§ **Problem statement**
Every entry below must be copied exactly, with nothing left out.

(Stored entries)
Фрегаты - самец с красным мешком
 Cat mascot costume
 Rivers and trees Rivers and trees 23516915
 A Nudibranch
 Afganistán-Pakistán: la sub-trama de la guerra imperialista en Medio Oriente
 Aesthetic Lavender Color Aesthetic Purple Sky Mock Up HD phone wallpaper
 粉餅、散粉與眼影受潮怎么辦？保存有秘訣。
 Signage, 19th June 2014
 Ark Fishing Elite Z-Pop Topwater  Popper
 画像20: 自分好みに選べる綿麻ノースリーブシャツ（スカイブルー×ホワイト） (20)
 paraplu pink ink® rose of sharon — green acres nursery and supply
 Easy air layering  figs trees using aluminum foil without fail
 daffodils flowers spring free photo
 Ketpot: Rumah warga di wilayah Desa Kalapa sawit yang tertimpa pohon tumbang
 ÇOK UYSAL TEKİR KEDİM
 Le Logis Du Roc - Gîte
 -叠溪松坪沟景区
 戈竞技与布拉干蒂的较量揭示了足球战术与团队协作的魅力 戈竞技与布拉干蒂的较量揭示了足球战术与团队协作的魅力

§ **Reply to the task**
Фрегаты - самец с красным мешком
 Cat mascot costume
 Rivers and trees Rivers and trees 23516915
 A Nudibranch
 Afganistán-Pakistán: la sub-trama de la guerra imperialista en Medio Oriente
 Aesthetic Lavender Color Aesthetic Purple Sky Mock Up HD phone wallpaper
 粉餅、散粉與眼影受潮怎么辦？保存有秘訣。
 Signage, 19th June 2014
 Ark Fishing Elite Z-Pop Topwater  Popper
 画像20: 自分好みに選べる綿麻ノースリーブシャツ（スカイブルー×ホワイト） (20)
 paraplu pink ink® rose of sharon — green acres nursery and supply
 Easy air layering  figs trees using aluminum foil without fail
 daffodils flowers spring free photo
 Ketpot: Rumah warga di wilayah Desa Kalapa sawit yang tertimpa pohon tumbang
 ÇOK UYSAL TEKİR KEDİM
 Le Logis Du Roc - Gîte
 -叠溪松坪沟景区
 戈竞技与布拉干蒂的较量揭示了足球战术与团队协作的魅力 戈竞技与布拉干蒂的较量揭示了足球战术与团队协作的魅力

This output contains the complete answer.